▶ EXERCISE AIM: All that is wanted is the exact text of the lines below from the one with "cat holding smartphone" through the one with "Men's Red Solid", inclusive, minus any pictures.

▶ DATASET:

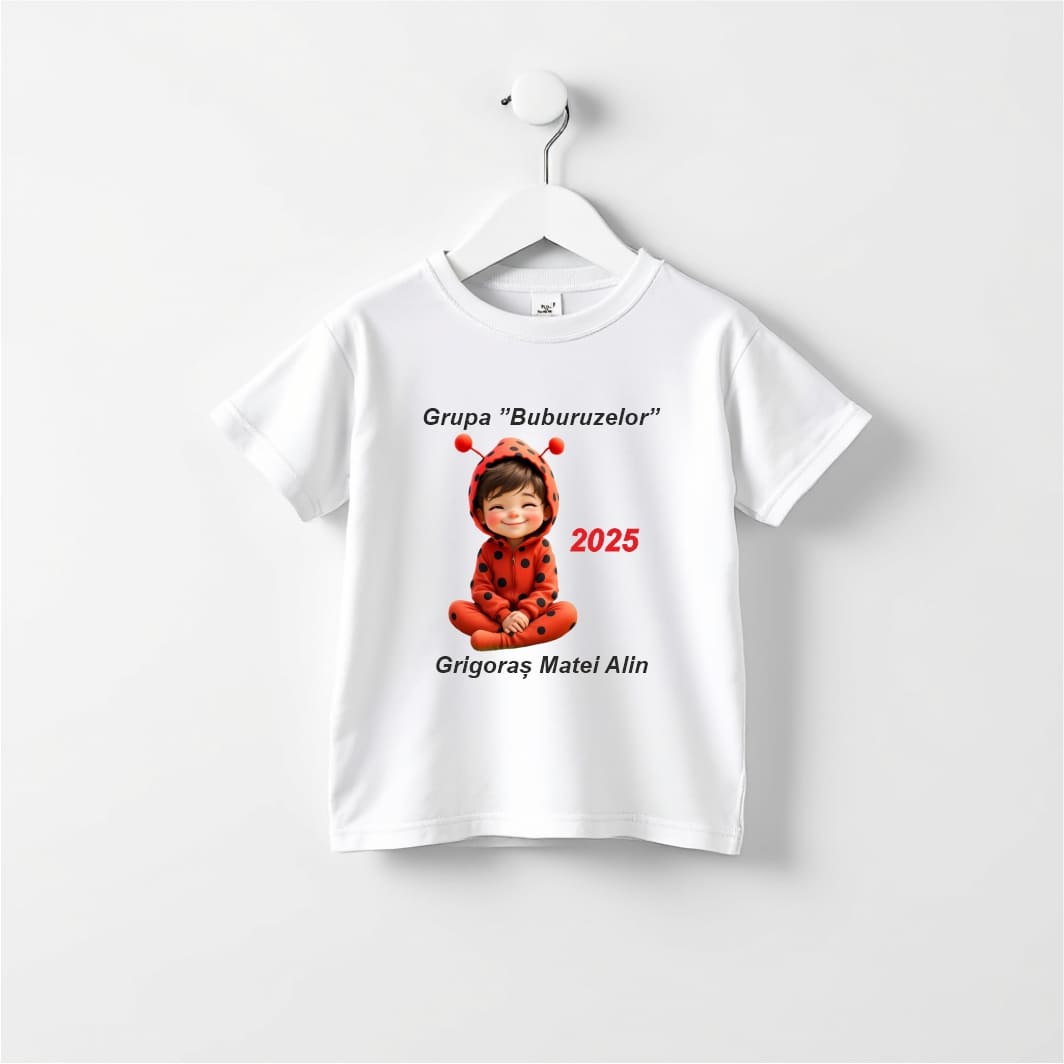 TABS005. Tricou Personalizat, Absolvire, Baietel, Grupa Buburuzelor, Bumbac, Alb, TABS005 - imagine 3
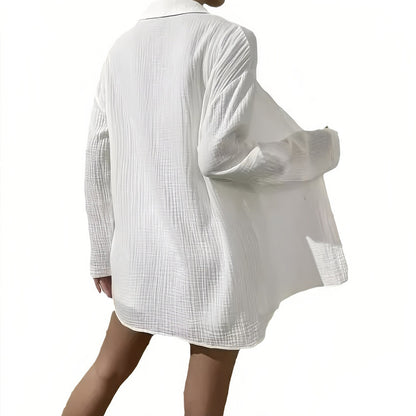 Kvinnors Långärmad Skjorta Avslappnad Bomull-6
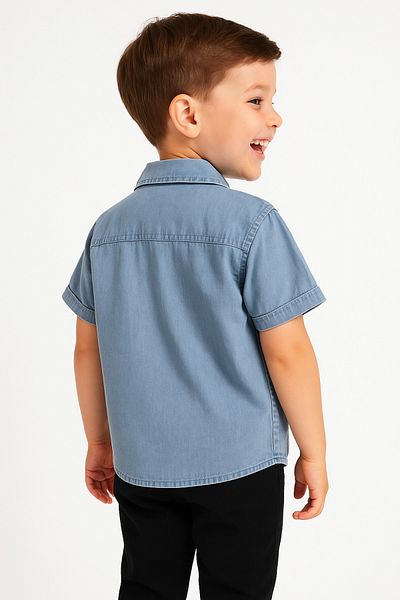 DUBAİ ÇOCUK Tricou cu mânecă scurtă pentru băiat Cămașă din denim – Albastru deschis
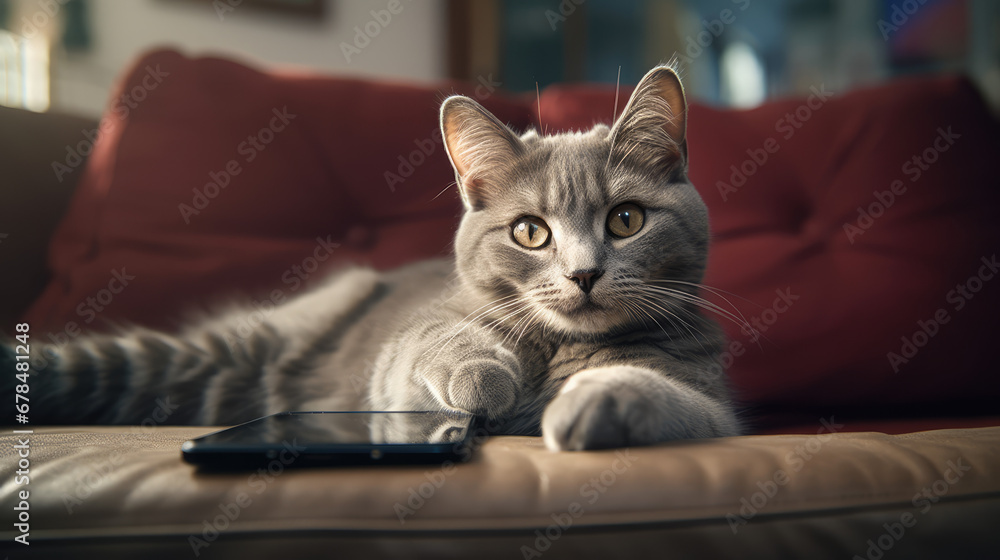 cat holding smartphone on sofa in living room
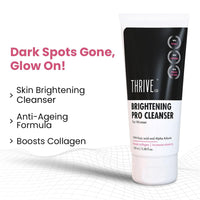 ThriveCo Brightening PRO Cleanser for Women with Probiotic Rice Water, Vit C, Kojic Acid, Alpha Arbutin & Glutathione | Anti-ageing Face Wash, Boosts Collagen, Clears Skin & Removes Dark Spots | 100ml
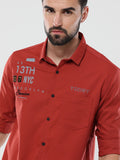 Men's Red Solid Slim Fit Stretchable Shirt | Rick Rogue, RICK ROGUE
* * *
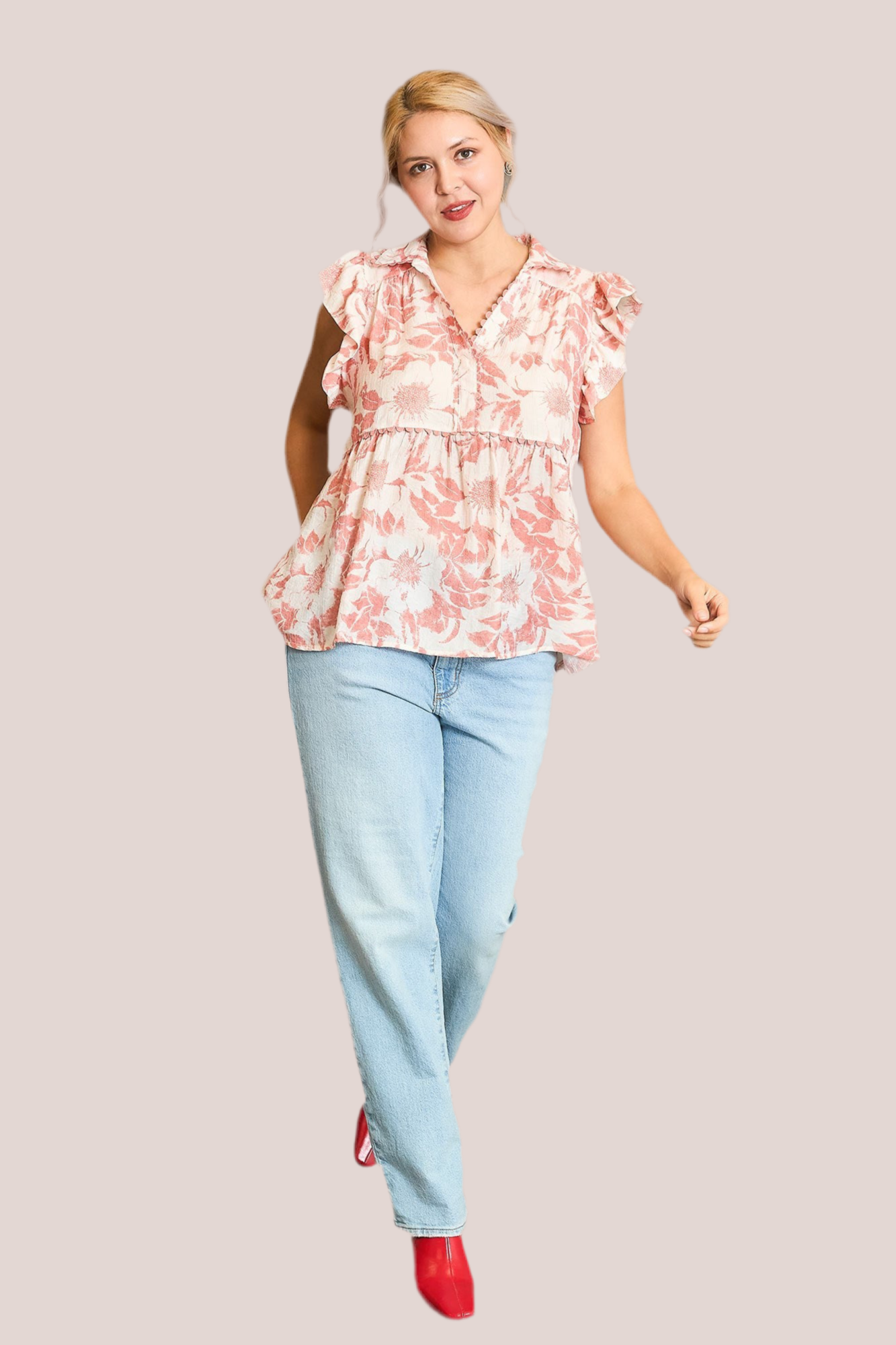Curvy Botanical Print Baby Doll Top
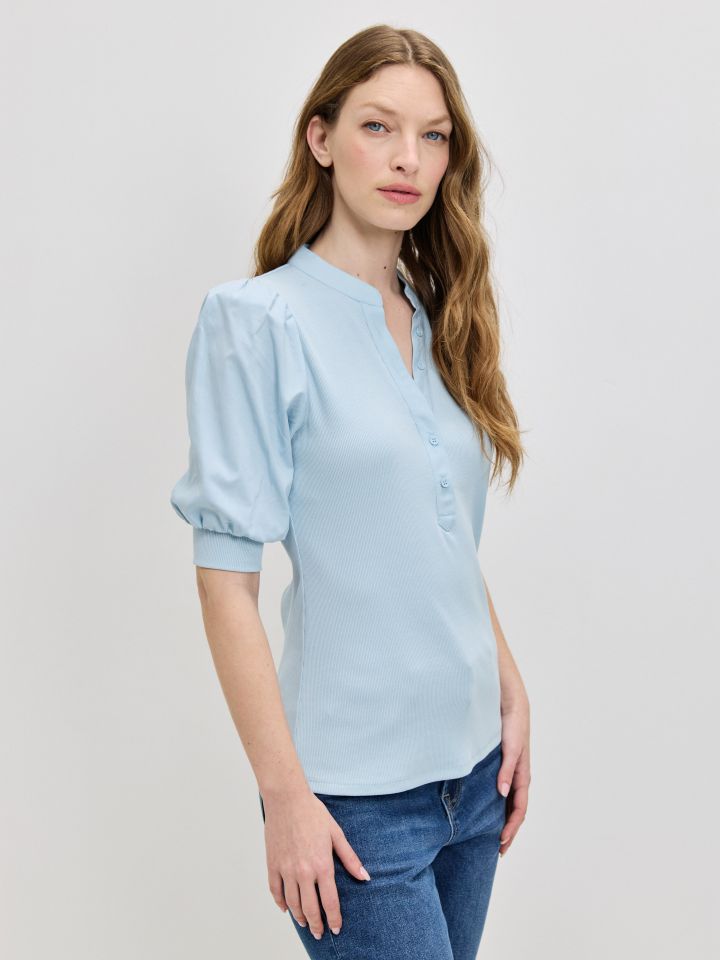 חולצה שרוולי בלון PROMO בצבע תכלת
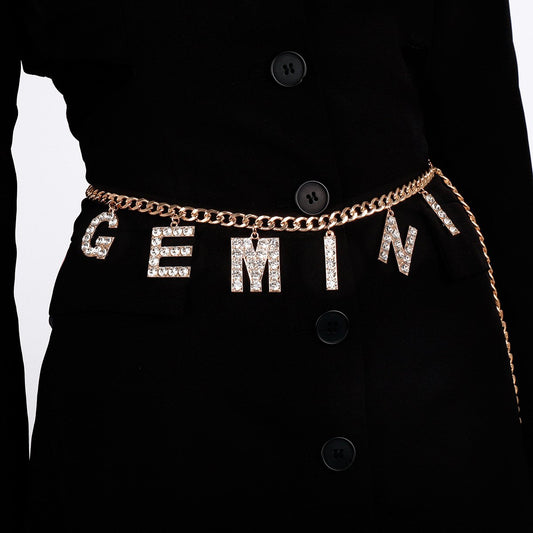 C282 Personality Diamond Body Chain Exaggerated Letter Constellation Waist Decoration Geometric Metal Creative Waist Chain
==
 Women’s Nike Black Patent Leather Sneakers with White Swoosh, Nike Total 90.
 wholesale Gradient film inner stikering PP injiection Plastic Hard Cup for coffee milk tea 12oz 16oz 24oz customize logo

▶ RESPONSE BELOW:
 cat holding smartphone on sofa in living room
 ThriveCo Brightening PRO Cleanser for Women with Probiotic Rice Water, Vit C, Kojic Acid, Alpha Arbutin & Glutathione | Anti-ageing Face Wash, Boosts Collagen, Clears Skin & Removes Dark Spots | 100ml
 Men's Red Solid Slim Fit Stretchable Shirt | Rick Rogue, RICK ROGUE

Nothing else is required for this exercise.